Notebook for Training LLama3.1 8 Billion (4-bit Quantized) using SFTTrainer
This training is done on Kaggle Notebook enabling GPU(Required in quantized training/ inference).
install Dependencies
%%capture
!pip install -U transformers[torch] datasets
!pip install -q bitsandbytes trl peft accelerate
!pip install flash-attn --no-build-isolation
!pip install huggingface_hub
import Modules
from transformers import BitsAndBytesConfig, AutoTokenizer, AutoModelForCausalLM, TrainingArguments
from trl import SFTTrainer
from peft import LoraConfig
from huggingface_hub import notebook_login
import torch
from huggingface_hub import login
from datasets import Dataset
from kaggle_secrets import UserSecretsClient
import os
Remember to generate a Token with edit access on HuggingFace and add it as secret in Kaggle Notebook
hf_token = UserSecretsClient().get_secret("HF_TOKEN_LLAMA3")
login(token = hf_token)
os.environ["CUDA_VISIBLE_DEVICES"] = "0" # Use only GPU 0
Remember to Customize your own data with at least 1000 examples.

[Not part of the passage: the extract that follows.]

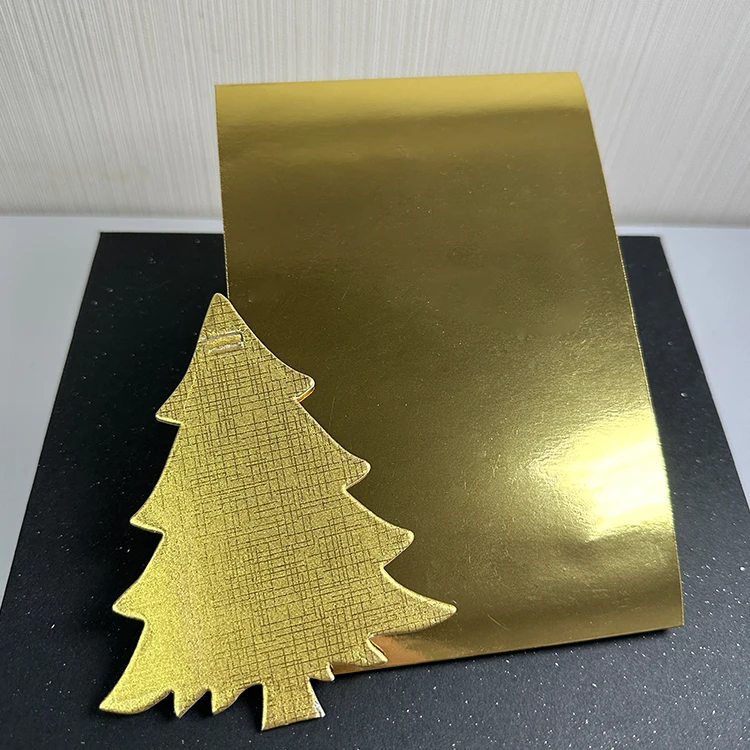 Custom Gold color aluminum foil laminated paper Gold Foil GIft Card Paper Board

Data_examples = [{"instruction":"Who has taken oath as Prime minister of India in 2024", "response":" Shri Narendra Modi has taken oath as Prime minister of india on 9th June 2024. He is now become prime minister having 3 consecutive terms."},...................................................................................,]
Process data to stringify only the text
field
processed_data = []
for example in Data_examples :
processed_data.append({'text':f"{example['instruction']} \n {example['response']}"})

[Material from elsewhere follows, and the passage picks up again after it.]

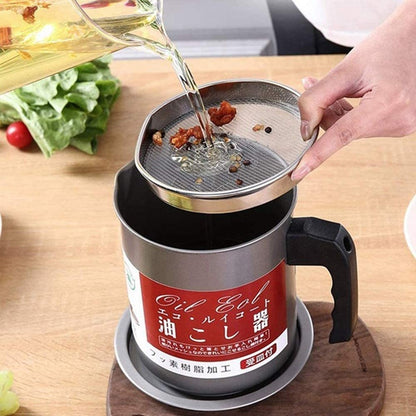Stainless-Steel Oil Filter Storage Pot (Free Home Delivery )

Create a Dataset from the list of dictionaries
dataset = Dataset.from_list(processed_data)
Split into train and test Data sets
dataset = dataset.train_test_split(test_size=0.01)
# Access train and test splits
train_dataset = dataset['train']
test_dataset = dataset['test']
Firstly add model to Kaggle notebook navigating to Add Input and Add LLama3.1 8 B in out Notebook
model_path="/kaggle/input/llama-3.1/transformers/8b-instruct/2" # Change it according to your model path in Notebook
trained_model_name = "Llama-3-8B-instruct-4bit-finetuned"

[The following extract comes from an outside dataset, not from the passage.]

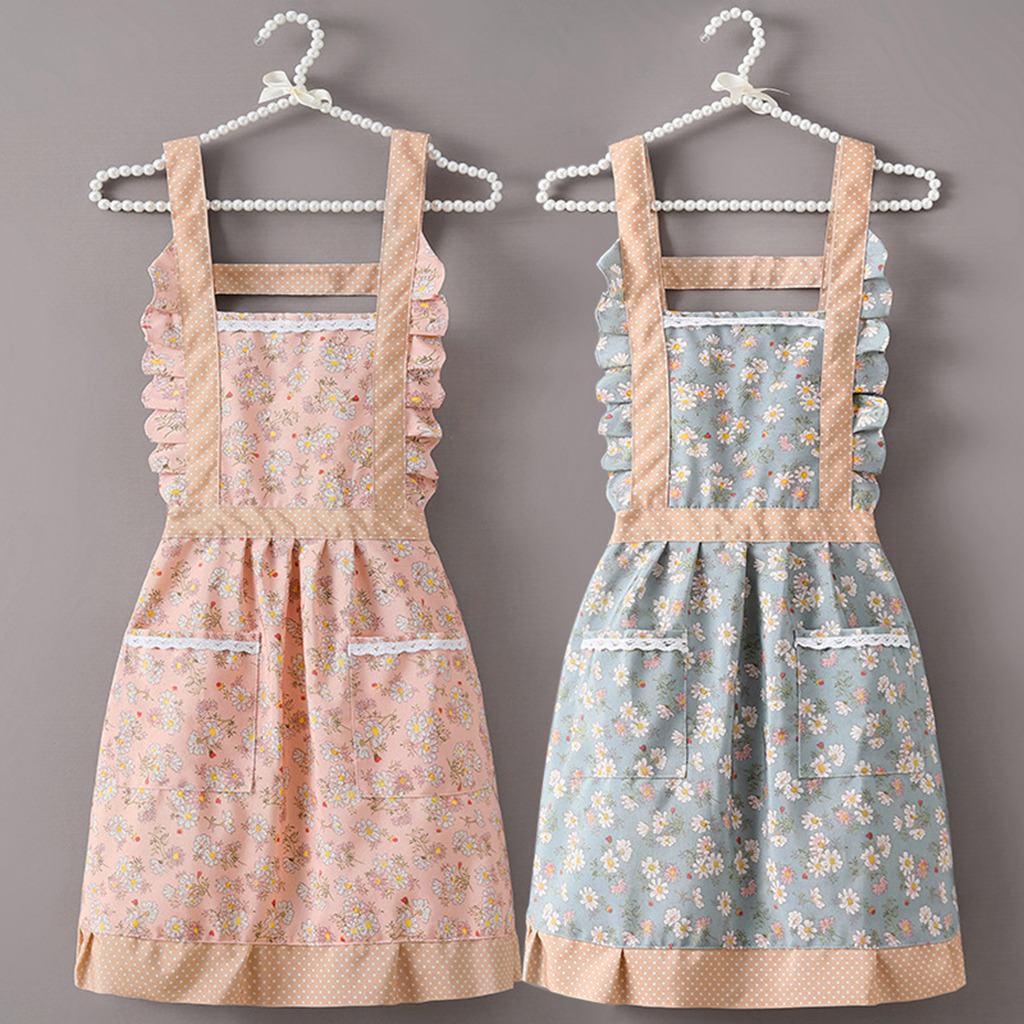 Retro woman Floral Aprons BBQ  - огляд і ціна Kitchen Gadgets China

output_dir = 'kaggle/working/' + trained_model_name
For 4 bit quantization (Q-LoRA) set Configs
quantization_config = BitsAndBytesConfig(
load_in_4bit=True,
bnb_4bit_use_double_quant=True,
bnb_4bit_quant_type="nf4",
bnb_4bit_compute_dtype=torch.bfloat16,)
peft_config = LoraConfig(
r=16,
lora_alpha=16,
lora_dropout=0.1,
bias="none",
task_type="CAUSAL_LM",
target_modules=["q_proj", "k_proj", "v_proj", "o_proj"],
)
Load the Model and Tokenizer and set pad token
tokenizer = AutoTokenizer.from_pretrained(model_path)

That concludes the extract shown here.